|Publication number||US6810632 B2|
|Application number||US 10/189,962|
|Publication date||Nov 2, 2004|
|Filing date||Jul 3, 2002|
|Priority date||Jul 3, 2002|
|Also published as||US7033658, US20040003561, US20050025908|
|Publication number||10189962, 189962, US 6810632 B2, US 6810632B2, US-B2-6810632, US6810632 B2, US6810632B2|
|Inventors||Gregory J. Ringness|
|Original Assignee||Gregory J. Ringness|
|Export Citation||BiBTeX, EndNote, RefMan|
|Patent Citations (15), Referenced by (7), Classifications (27), Legal Events (6)|
|External Links: USPTO, USPTO Assignment, Espacenet|
There are many instances where simulations of articles, such as stone blocks used for architectural purposes, are desirable. There are similar instances wherein the simulation of articles, such as aged artist's canvas, are also desirable. Both of the above-mentioned simulations are desirable for aesthetic purposes and, heretofore, have been difficult to produce. It is to overcome the inability to provide aesthetically pleasing simulated stone blocks for use as decorative wall coverings as well as exterior finishing of architectural works that the present invention has been developed. It is also to overcome the inability to properly simulate an aged artist's canvas, that is, a canvas showing cracks and aging, that the present invention has also been directed.
The present invention provides an article comprising a simulated stone block facing or veneer-like article suitable for use as a wall covering to simulate a stone block wall.

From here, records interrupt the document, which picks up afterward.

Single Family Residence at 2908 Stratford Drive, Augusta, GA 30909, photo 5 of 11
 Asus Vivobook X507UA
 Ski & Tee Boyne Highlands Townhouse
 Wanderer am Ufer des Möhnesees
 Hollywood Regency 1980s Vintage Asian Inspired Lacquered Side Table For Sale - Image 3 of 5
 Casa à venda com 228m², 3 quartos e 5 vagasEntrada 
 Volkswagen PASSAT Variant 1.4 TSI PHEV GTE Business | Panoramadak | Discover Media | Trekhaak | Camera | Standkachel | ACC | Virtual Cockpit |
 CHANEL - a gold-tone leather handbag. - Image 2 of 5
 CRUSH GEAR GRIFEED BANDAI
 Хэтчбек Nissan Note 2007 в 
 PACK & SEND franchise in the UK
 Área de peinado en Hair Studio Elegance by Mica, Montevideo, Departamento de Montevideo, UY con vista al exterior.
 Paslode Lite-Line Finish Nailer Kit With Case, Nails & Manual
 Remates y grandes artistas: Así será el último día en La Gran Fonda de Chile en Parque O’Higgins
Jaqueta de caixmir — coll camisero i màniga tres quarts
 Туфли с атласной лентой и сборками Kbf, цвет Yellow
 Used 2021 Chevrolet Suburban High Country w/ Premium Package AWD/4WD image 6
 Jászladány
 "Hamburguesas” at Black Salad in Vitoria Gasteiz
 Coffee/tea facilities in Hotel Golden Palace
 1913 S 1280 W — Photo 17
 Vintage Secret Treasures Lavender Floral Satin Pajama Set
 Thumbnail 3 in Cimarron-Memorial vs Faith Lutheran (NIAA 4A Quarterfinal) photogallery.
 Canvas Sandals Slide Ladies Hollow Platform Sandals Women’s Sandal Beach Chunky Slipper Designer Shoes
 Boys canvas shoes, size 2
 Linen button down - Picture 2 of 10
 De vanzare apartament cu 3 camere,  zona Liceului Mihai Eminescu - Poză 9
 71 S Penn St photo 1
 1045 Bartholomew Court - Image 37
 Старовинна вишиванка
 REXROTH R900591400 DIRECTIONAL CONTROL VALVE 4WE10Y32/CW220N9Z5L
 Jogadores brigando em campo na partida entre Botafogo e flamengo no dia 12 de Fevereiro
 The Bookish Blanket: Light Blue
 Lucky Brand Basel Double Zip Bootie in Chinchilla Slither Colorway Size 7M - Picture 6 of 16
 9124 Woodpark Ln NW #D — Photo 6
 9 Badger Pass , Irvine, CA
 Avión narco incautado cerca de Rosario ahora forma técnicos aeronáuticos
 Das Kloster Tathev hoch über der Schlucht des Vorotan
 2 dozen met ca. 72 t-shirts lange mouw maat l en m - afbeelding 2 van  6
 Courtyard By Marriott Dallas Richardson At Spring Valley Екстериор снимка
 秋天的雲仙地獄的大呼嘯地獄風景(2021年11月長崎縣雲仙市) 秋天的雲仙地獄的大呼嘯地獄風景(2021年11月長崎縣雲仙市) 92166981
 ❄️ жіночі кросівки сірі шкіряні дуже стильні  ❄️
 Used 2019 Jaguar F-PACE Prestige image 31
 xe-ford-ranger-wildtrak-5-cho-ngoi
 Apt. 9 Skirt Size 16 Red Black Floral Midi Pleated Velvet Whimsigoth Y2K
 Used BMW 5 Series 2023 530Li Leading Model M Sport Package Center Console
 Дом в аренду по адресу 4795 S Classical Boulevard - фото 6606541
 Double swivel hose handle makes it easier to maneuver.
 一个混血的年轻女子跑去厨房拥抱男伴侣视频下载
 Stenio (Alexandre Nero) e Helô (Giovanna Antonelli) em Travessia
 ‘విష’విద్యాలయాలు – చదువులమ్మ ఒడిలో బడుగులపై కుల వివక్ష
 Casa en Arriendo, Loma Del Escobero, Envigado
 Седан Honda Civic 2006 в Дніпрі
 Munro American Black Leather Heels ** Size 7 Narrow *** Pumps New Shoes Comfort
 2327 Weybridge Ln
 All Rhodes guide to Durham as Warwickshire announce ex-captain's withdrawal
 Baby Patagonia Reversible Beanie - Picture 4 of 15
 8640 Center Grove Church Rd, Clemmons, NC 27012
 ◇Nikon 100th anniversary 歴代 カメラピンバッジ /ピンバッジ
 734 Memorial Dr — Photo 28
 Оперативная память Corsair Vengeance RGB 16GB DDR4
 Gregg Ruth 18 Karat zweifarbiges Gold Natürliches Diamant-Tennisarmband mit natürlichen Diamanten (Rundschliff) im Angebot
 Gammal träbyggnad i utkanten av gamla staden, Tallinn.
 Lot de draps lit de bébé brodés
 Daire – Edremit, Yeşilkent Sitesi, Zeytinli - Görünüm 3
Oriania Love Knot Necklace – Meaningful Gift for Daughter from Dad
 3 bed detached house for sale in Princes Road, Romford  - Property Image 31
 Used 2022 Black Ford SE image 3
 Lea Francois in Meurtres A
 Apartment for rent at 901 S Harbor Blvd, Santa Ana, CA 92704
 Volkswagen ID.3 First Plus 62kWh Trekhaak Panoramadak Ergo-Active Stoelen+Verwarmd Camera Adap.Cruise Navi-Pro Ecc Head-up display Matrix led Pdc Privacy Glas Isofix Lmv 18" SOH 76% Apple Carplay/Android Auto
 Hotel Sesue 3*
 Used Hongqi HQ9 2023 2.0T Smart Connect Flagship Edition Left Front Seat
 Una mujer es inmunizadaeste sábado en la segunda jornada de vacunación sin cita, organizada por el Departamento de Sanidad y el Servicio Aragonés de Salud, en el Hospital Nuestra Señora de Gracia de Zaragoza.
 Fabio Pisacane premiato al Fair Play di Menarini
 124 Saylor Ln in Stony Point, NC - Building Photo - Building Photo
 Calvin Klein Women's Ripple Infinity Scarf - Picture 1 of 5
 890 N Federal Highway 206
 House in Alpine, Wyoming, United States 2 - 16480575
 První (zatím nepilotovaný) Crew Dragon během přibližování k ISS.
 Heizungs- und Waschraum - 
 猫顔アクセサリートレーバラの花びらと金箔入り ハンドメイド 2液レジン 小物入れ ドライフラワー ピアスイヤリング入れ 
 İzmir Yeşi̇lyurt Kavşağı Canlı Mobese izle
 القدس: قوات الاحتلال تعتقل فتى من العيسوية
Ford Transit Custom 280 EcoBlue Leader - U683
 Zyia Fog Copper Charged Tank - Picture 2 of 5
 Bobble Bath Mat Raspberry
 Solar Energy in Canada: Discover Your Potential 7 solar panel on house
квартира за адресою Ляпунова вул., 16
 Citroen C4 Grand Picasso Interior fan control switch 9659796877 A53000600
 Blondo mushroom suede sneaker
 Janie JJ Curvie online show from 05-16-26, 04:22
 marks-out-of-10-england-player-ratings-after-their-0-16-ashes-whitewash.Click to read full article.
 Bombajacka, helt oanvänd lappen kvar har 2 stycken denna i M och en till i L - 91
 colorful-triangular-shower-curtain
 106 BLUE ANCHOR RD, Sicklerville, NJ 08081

The present invention also provides a method for forming a wall covering article which simulates an aged stone block and the like.
The present invention further provides an article comprising an artist's canvas suitable for simulating an aged artwork. Still further, the invention provides a method for providing a simulated aged artist's canvas.
In accordance with important aspects of the present invention, simulated stone block wall covering articles and simulated artist's canvas articles are provided wherein a substrate comprising a fabric panel and the like is coated with a composition, such as gypsum wallboard plaster or joint compound, the plaster or joint compound is allowed to completely harden or to harden to a degree which will not result in any flow or sloughing off of the material from the substrate so that the substrate may be manipulated or folded temporarily to create cracks and crevices in the surface of the article to simulate an aged stone block or an aged artist's canvas, for example.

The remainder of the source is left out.